Catchment organisations are offered the services of diviners, and so are oil companies. Letters and maps are submitted showing in bright colours the location of oil fields varying in size from pin point to “company-making” giant accumulations.

Most diviners make a clear distinction between oil, gas and water, but demonstrate the lack of even the most elementary knowledge of underground hydrocarbon accumulation. They go to great lengths, and sometimes to great expense, to dowse for the black gold. Some wave their specially designed intricate divining device over a map in the comfort of their house, other rent planes and fly over the target area.

The contraptions used vary from the standard forked hazel or double steel wire to pieces of wood with mysterious bottles and springs dangling from it.

Usually there are only the two extremes of diviners: those who project oil to flow in rivers circumscribing the entire globe and those who find little isolated pools measuring only a couple of metres wide and long.

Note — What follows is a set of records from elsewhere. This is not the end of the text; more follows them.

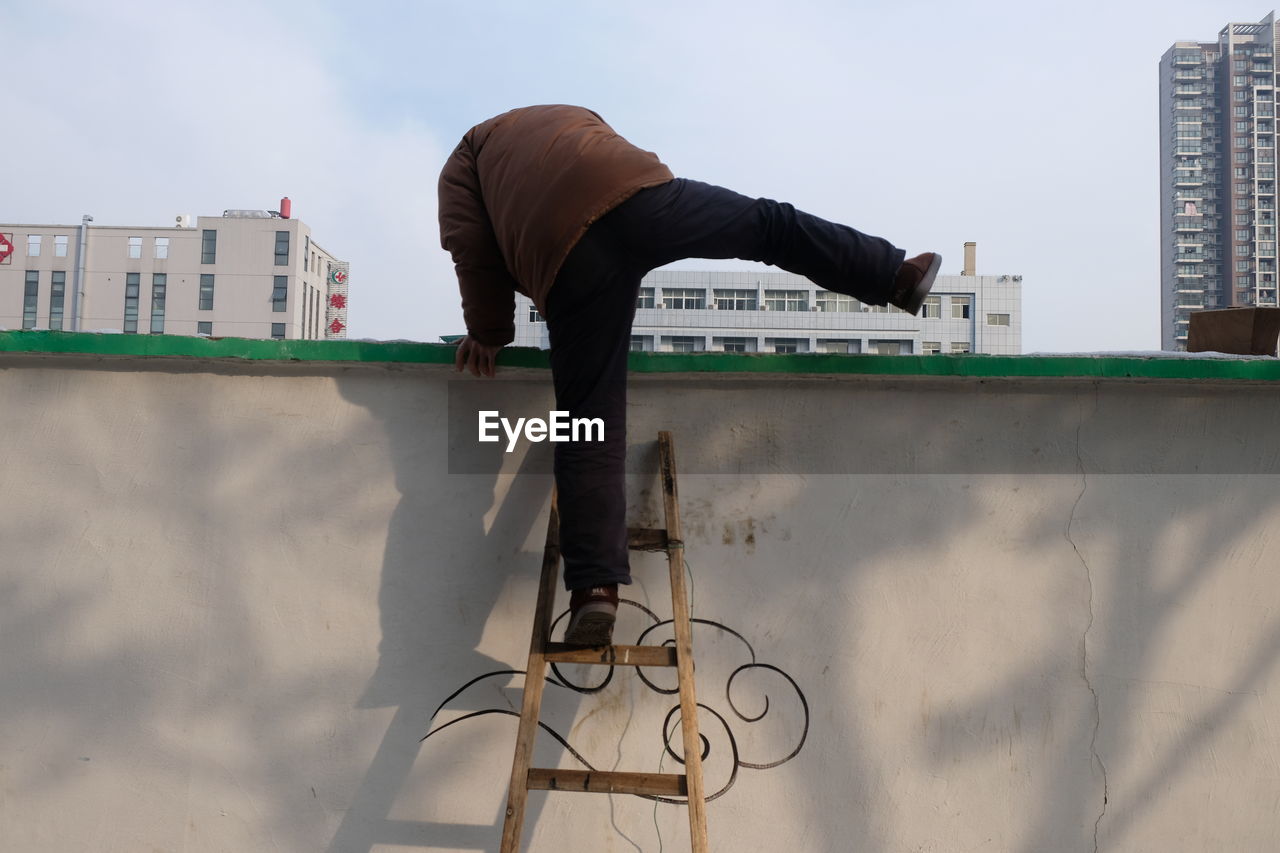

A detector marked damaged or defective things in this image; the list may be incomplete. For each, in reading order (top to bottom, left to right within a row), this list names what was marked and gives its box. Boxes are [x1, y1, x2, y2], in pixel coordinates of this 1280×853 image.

cracked wall surface [2, 348, 1280, 845]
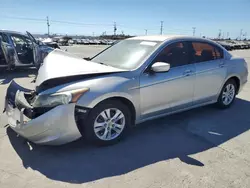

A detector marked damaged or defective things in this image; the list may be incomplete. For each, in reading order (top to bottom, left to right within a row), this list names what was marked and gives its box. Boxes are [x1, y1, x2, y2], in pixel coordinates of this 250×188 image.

dented hood [35, 49, 125, 86]
damaged front bumper [4, 81, 82, 145]
cracked headlight [32, 88, 88, 107]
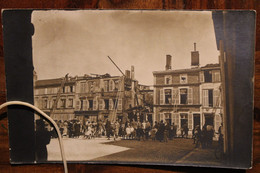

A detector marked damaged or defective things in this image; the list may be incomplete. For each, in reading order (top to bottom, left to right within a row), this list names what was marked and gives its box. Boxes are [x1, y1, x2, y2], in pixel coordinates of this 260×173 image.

damaged building facade [33, 67, 153, 123]
damaged building facade [153, 45, 222, 137]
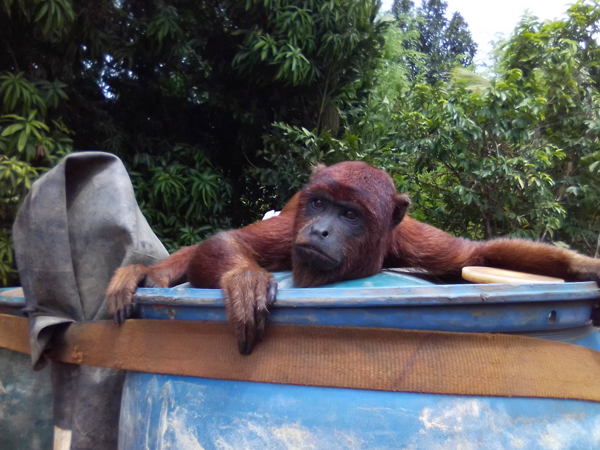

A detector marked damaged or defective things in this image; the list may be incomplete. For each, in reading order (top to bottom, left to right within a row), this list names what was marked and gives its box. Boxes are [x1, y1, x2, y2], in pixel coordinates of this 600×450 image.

rusty metal band [1, 312, 600, 402]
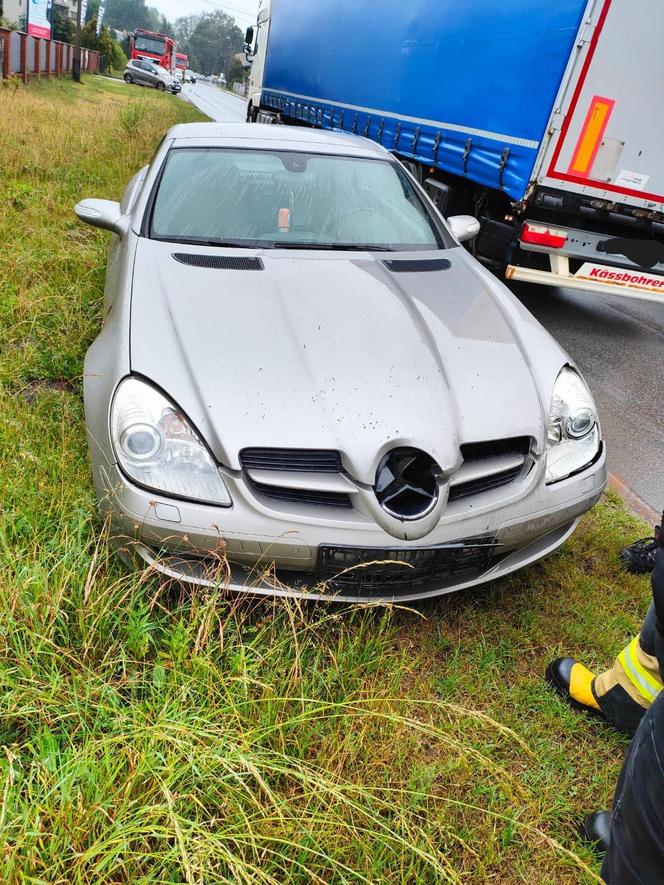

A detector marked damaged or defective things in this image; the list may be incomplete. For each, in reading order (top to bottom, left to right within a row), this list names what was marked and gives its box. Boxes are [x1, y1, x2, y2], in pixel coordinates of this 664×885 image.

cracked headlight [111, 378, 231, 508]
cracked headlight [548, 370, 600, 486]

The first category of diviners is convinced that rivers of oil, for example originating in Alaska, find their way across the Pacific, traversing Indonesia and Australia to enter New Zealand just south (luckily) of the Waitomo caves. (Black water rafting would have had a different meaning.) The diviner continues on to explain that by drilling into these rivers, the production of hydrocarbons acts as a pressure relief valve, preventing the explosion of entire townships or volcanoes located on top of these volatile rivers.

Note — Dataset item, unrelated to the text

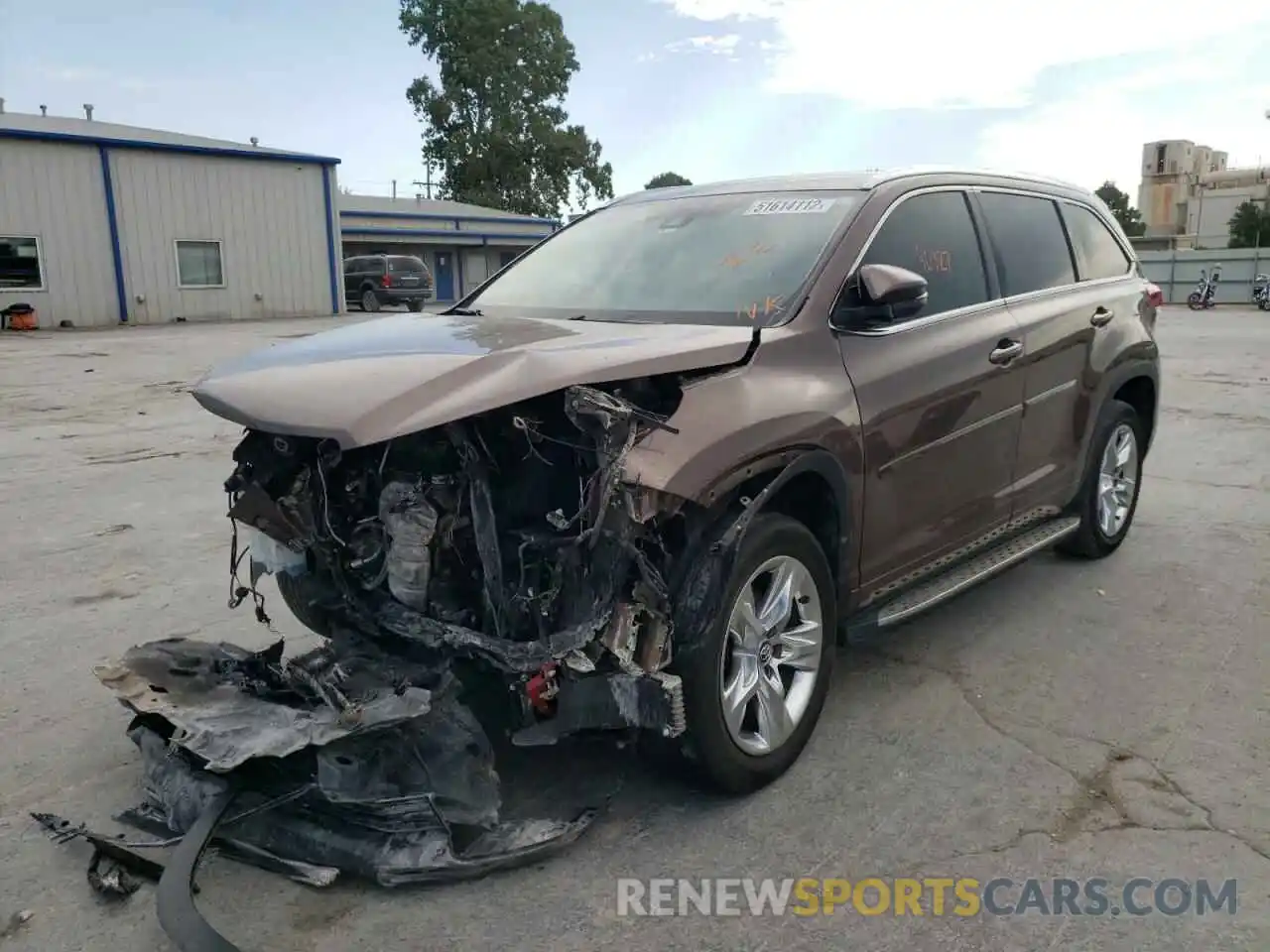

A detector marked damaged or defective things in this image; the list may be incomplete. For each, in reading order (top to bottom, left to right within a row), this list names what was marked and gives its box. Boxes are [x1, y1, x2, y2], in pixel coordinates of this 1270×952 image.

The other category of diviners arrive at the gate of a drilling site and point to a spot ten meters away from the rig where the oil should be found. Explaining that the deviated well already has its bit probing the layers 800 metres away from the site does not deter the diviner in the least.

How often are they right and is there any history of a company successfully employing a diviner? The answer is simple: the diviner states “Yes, all companies have found their major finds on indication of a diviner” and all companies state “We have never used a diviner”.

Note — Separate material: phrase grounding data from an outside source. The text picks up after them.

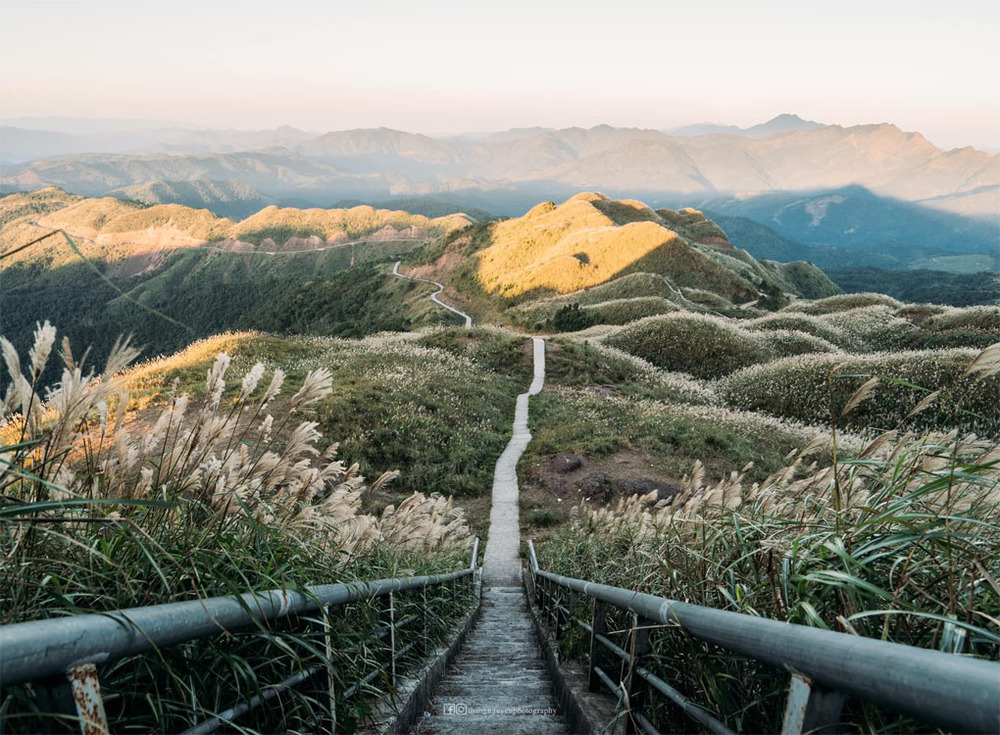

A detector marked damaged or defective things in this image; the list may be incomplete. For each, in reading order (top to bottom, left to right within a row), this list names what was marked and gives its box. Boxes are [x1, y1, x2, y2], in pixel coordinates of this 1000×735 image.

rusty metal railing [0, 536, 480, 732]
rusty metal railing [528, 540, 996, 735]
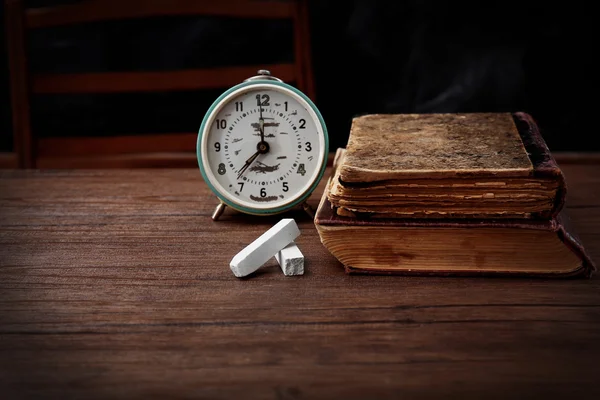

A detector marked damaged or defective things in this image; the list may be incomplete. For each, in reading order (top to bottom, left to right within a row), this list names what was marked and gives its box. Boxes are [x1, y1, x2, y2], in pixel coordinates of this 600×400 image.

broken chalk [230, 219, 300, 278]
broken chalk [276, 241, 304, 276]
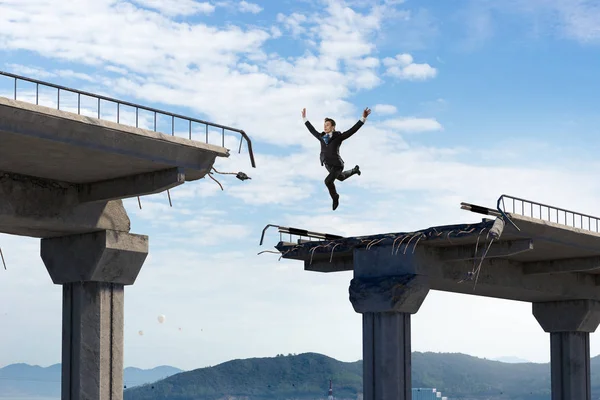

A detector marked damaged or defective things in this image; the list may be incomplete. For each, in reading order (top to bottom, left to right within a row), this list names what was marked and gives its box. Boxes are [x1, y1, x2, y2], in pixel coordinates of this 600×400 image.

broken concrete edge [0, 97, 231, 158]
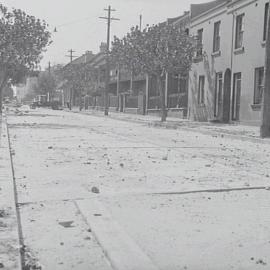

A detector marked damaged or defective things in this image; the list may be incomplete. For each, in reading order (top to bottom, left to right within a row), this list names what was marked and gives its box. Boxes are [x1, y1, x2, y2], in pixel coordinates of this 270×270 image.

The diviner claims a success rate of 80% to 90%, which indeed is correct. However, a similar reason for the success rate of water divining applies in oil prediction. On average, every one out of ten exploration wells proves to be a commercial success. By predicting that the well is not going to be commercial, the diviner has a 90% chance of success. It escapes the diviner that virtually every well encounters some hydrocarbons. Often a hydrocarbon flow to the surface is even established, but further testing concludes that no commercial quantities can be produced. Such a well is generally plugged and abandoned as a “dry” well, which is an oilfield term and does not mean no hydrocarbons were encountered. Most diviners cannot distinguish between commercial or non-commercial wells for the simple reason that they lack the understanding of basic economics.

Still, the diviners represent a group of charming but deluded people, who have a genuine interest in the success of the company. We therefore respond politely to their letters, and as a geologist I keep an eye out for the one diviner who can really do it, so I can destroy any evidence and keep my job.